Assignment: Return each record unchanged and drop the images.

Data to examine:
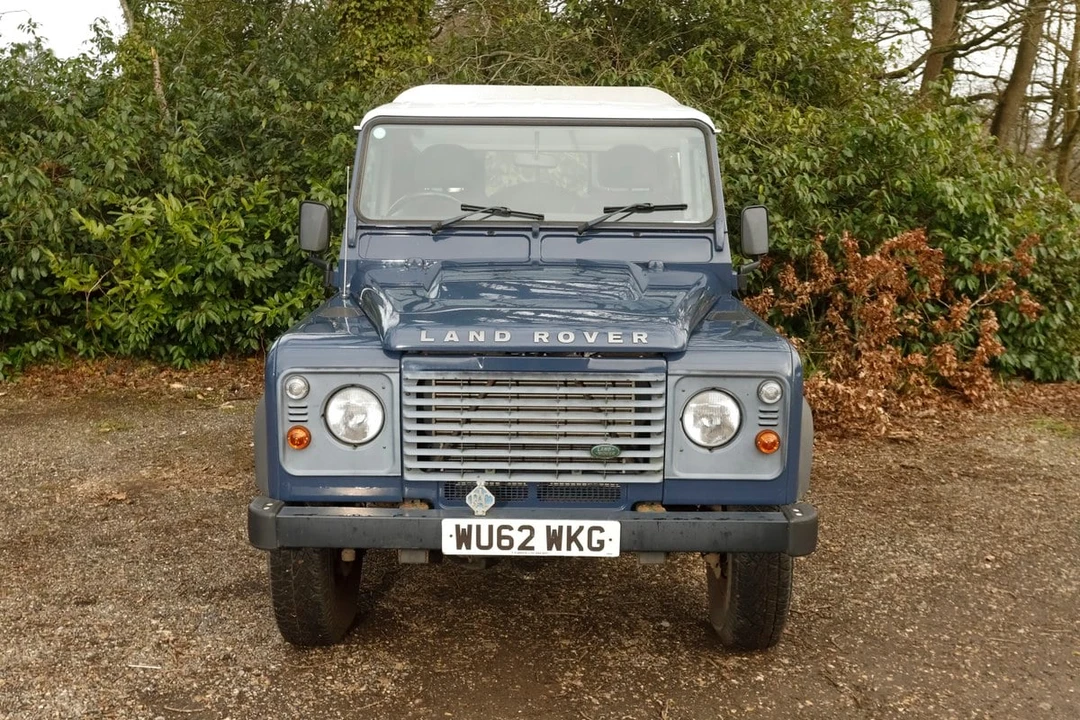 2012 Land Rover Defender 90 - Image 8 of 30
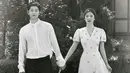 Sebagian besar orang penasaran dengan kisah cinta dari Song Joong Ki dan Song Hye Kyo. Dispatch mengabarkan jika pasangan ini tidak melewati proses pacaran. (Foto: allkpop.com)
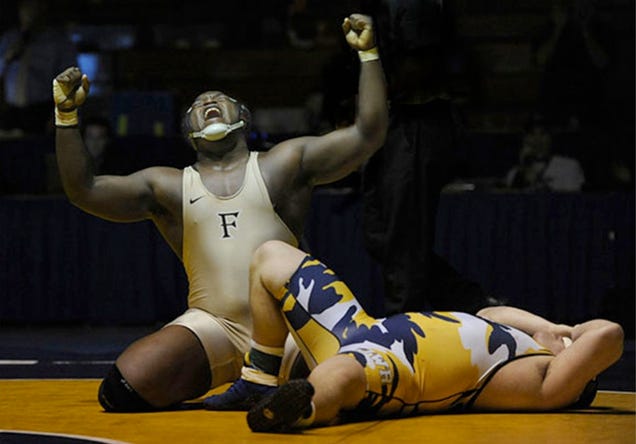 Washington Post Photographer's Award-Winning Wrestling Photo Disqualified For Being Terribly Photoshopped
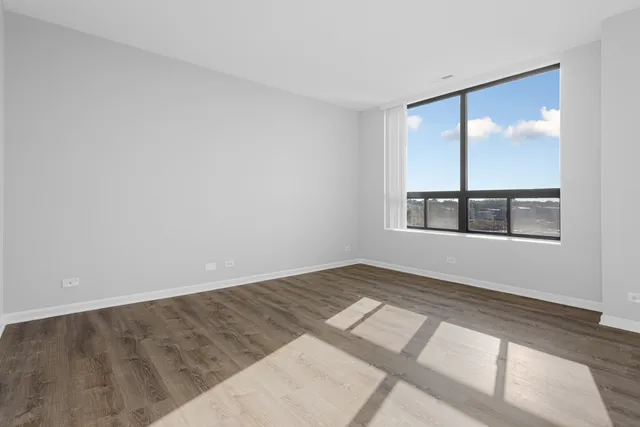 $2,308 | 2451 West Howard Street, Unit 404, Chicago, IL 60645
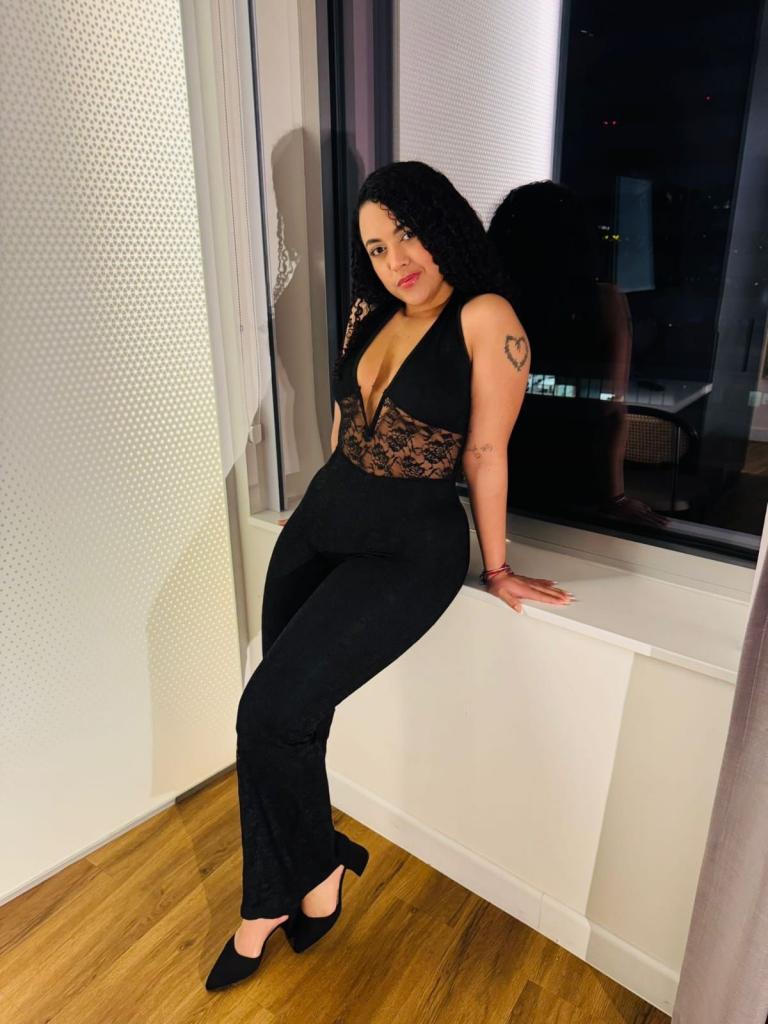 Chica busca chico en Almería:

Result of the exercise:
 2012 Land Rover Defender 90 - Image 8 of 30
 Sebagian besar orang penasaran dengan kisah cinta dari Song Joong Ki dan Song Hye Kyo. Dispatch mengabarkan jika pasangan ini tidak melewati proses pacaran. (Foto: allkpop.com)
 Washington Post Photographer's Award-Winning Wrestling Photo Disqualified For Being Terribly Photoshopped
 $2,308 | 2451 West Howard Street, Unit 404, Chicago, IL 60645
 Chica busca chico en Almería:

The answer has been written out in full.